▶ _STORED DATA_:
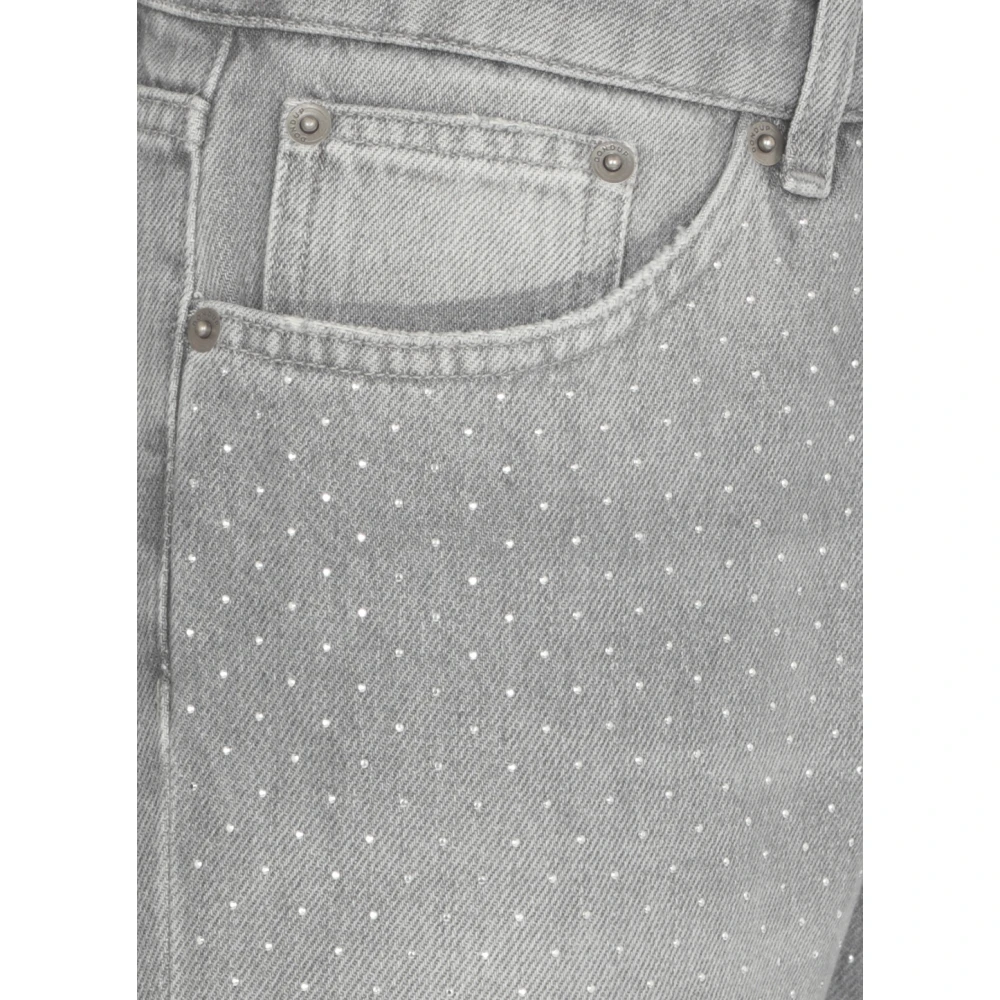 Dondup Straight Jeans Gray Dames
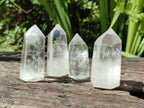 Polished Clear Quartz Crystals x 12 From Madagascar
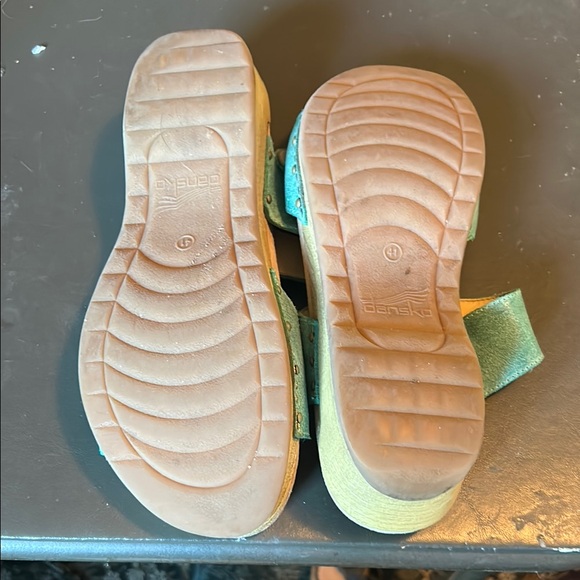 Dansko seafoam Sandals Comfortable Slip-On Design - Picture 3 of 3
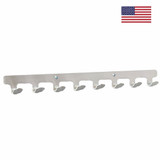 COAT HOOK PANELS AND RAILS - MADE IN USA
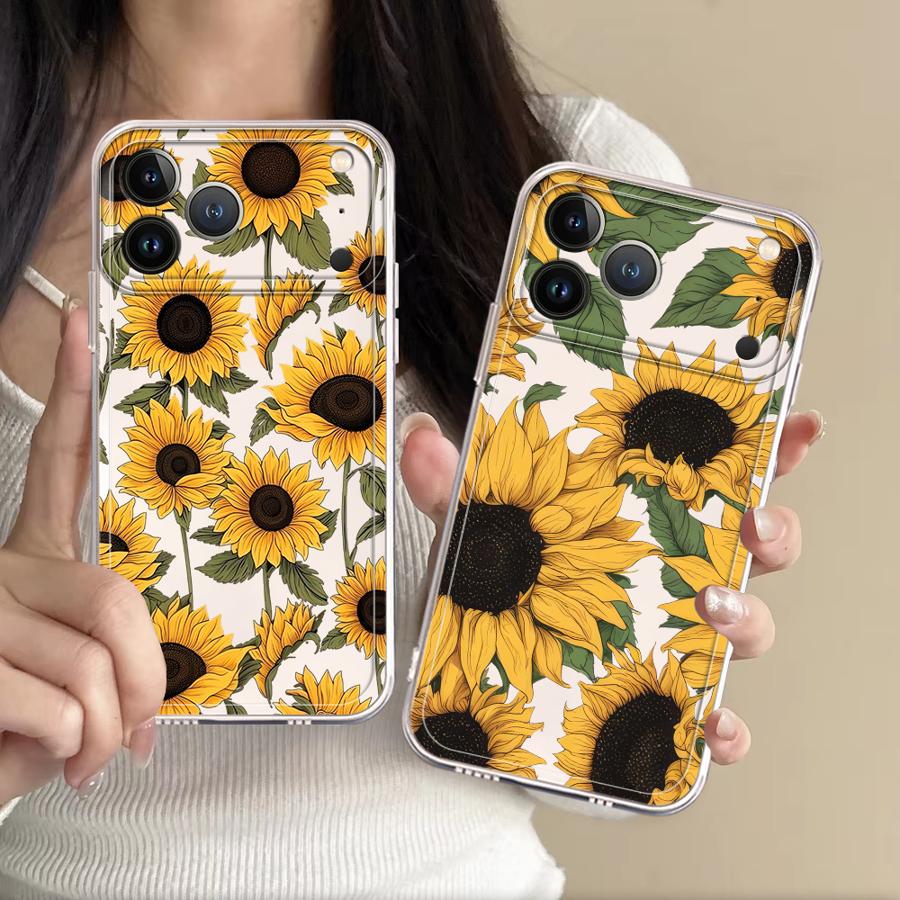 Cute Sunflower Pattern Case fo - đánh giá và giá Phone Cases Xr Iphone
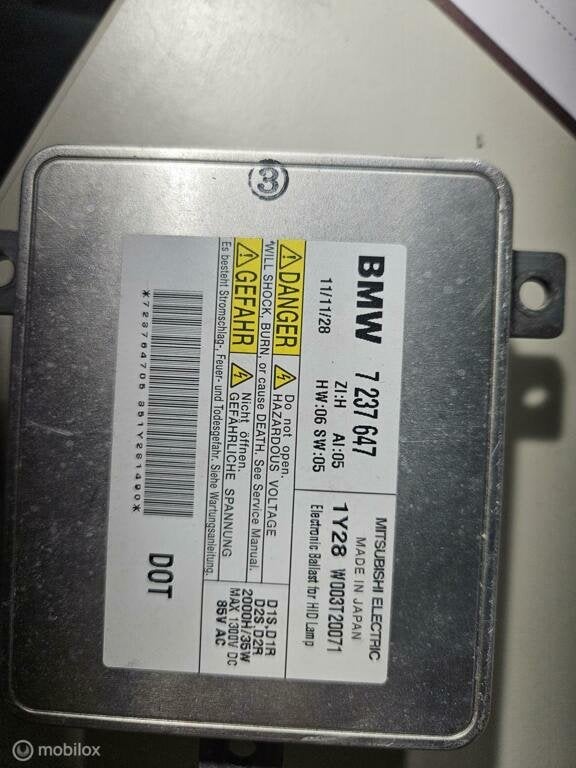 Adaptive licht control module originl BMW X1 ('-'22) 7237647, Auto-onderdelen, Gebruikt, Ophalen of Verzenden, BMW, BMW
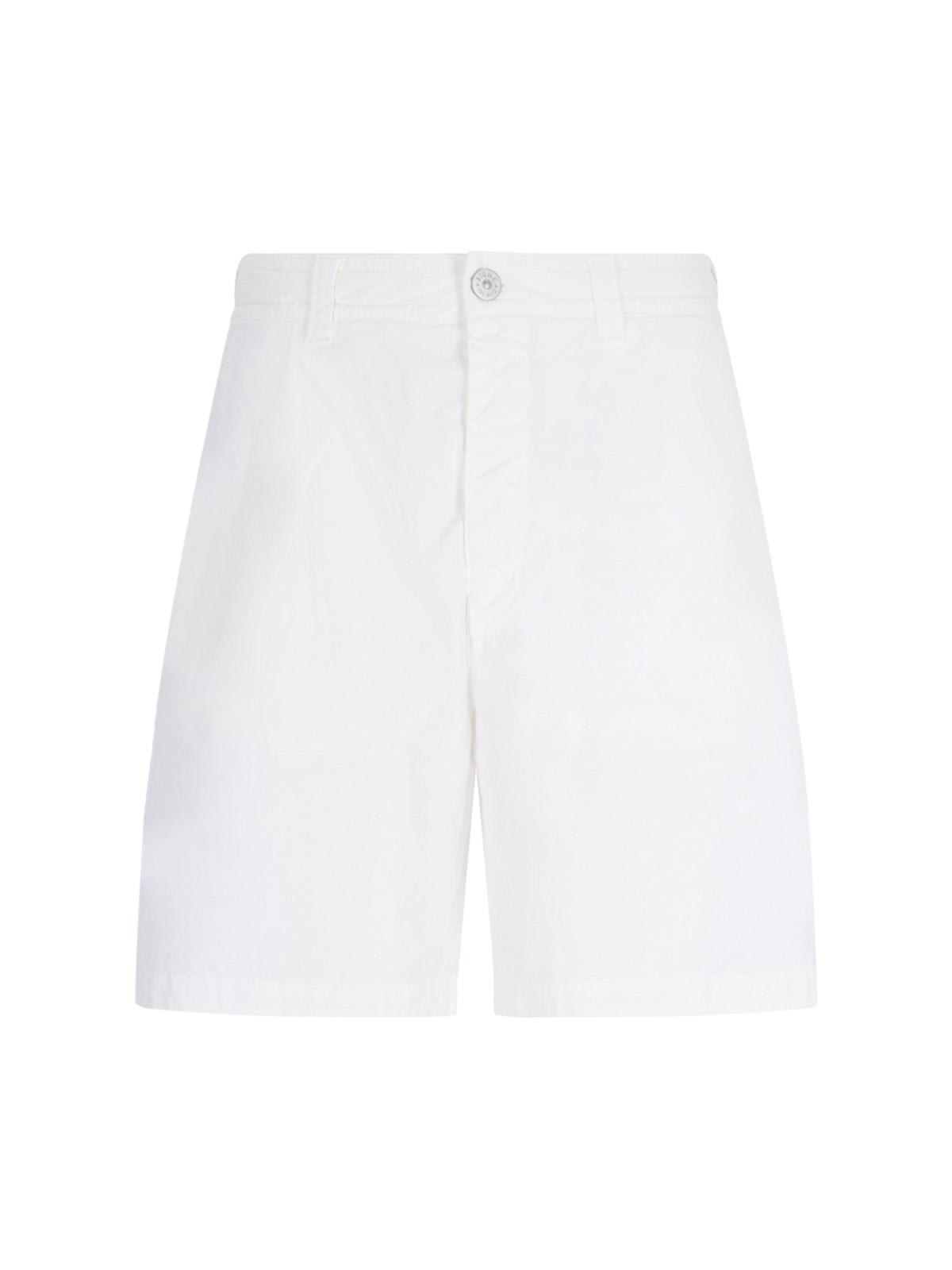 Shop Stone Island Marina Shorts In Bianco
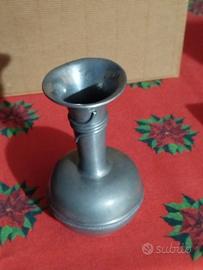 vaso portafiori in peltro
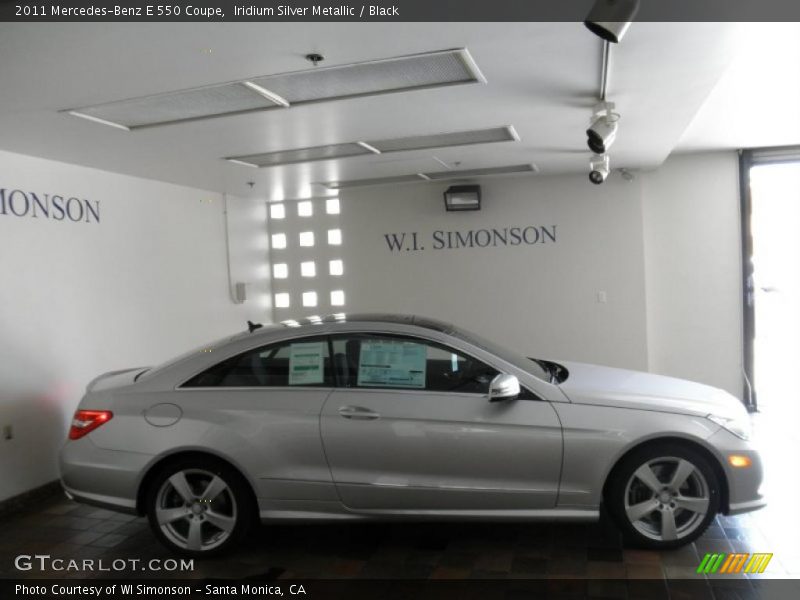 Iridium Silver Metallic / Black 2011 Mercedes-Benz E 550 Coupe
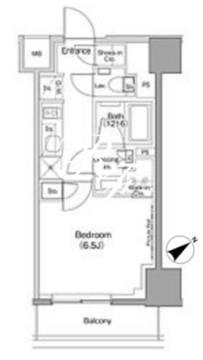 ザ・パークハビオ目黒桜邸 306 間取り図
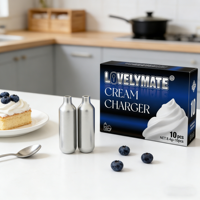 Cartouche de crème compacte de 8,4 g, idéale pour la pâtisserie et la préparation de desserts à la maison
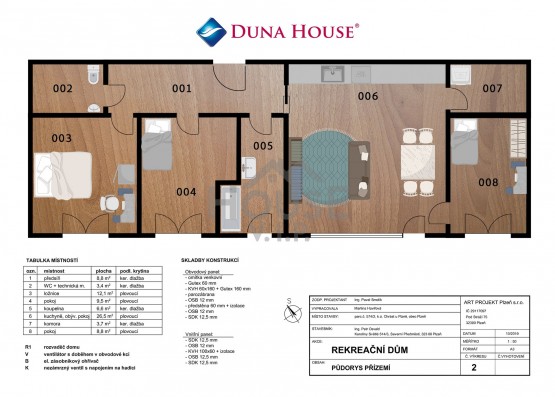 pudorys cisty Chra st u Plzne Floorplan Mr. Roman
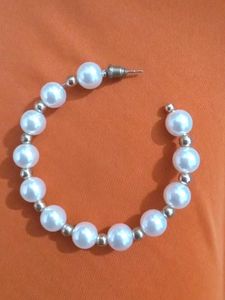 Pearl Hoop Earrings
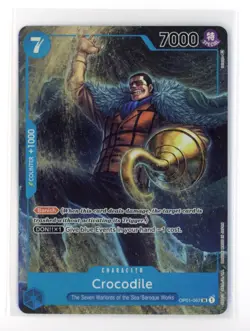 One Piece ENGLISH Romance Dawn Crocodile OP01-067 SR Parallel - Image 1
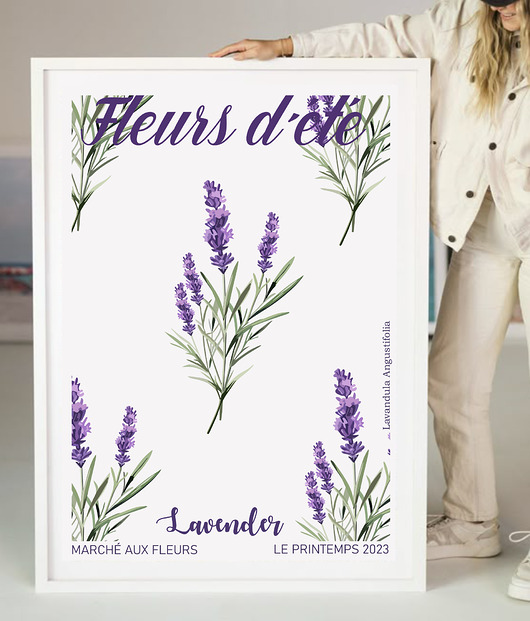 plakaty Plakat Lawenda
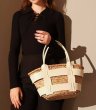 画像4: cowhide hand-held vegetable basket bag tote shoulder  bag　本革レザーハンドルかご籠トートショルダーバッグ (4)
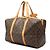 Louis Vuitton Brown Monogram Sac Souple 35 Marrone - vista 2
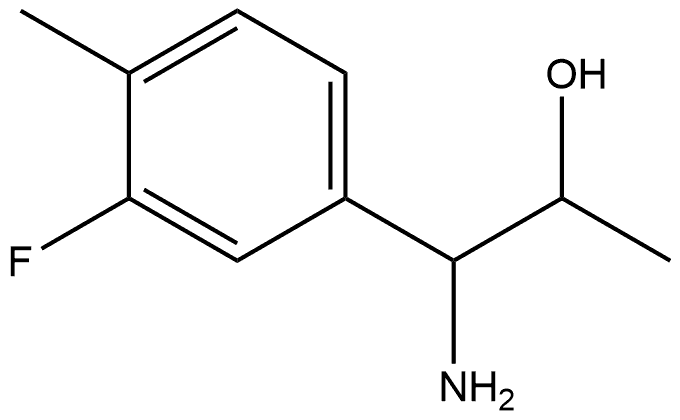 1-AMINO-1-(3-FLUORO-4-METHYLPHENYL)PROPAN-2-OL 结构式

▶ _ASSIGNMENT_: Because only one stretch of the records is wanted, please output the lines from the one holding "Polished Clear Quartz" through the one holding "画像4: cowhide hand-held" exactly, both included, and leave every picture out.

▶ _RESULT OF THE TASK_:
 Polished Clear Quartz Crystals x 12 From Madagascar
 Dansko seafoam Sandals Comfortable Slip-On Design - Picture 3 of 3
 COAT HOOK PANELS AND RAILS - MADE IN USA
 Cute Sunflower Pattern Case fo - đánh giá và giá Phone Cases Xr Iphone
 Adaptive licht control module originl BMW X1 ('-'22) 7237647, Auto-onderdelen, Gebruikt, Ophalen of Verzenden, BMW, BMW
 Shop Stone Island Marina Shorts In Bianco
 vaso portafiori in peltro
 Iridium Silver Metallic / Black 2011 Mercedes-Benz E 550 Coupe
 ザ・パークハビオ目黒桜邸 306 間取り図
 Cartouche de crème compacte de 8,4 g, idéale pour la pâtisserie et la préparation de desserts à la maison
 pudorys cisty Chra st u Plzne Floorplan Mr. Roman
 Pearl Hoop Earrings
 One Piece ENGLISH Romance Dawn Crocodile OP01-067 SR Parallel - Image 1
 plakaty Plakat Lawenda
 画像4: cowhide hand-held vegetable basket bag tote shoulder  bag　本革レザーハンドルかご籠トートショルダーバッグ (4)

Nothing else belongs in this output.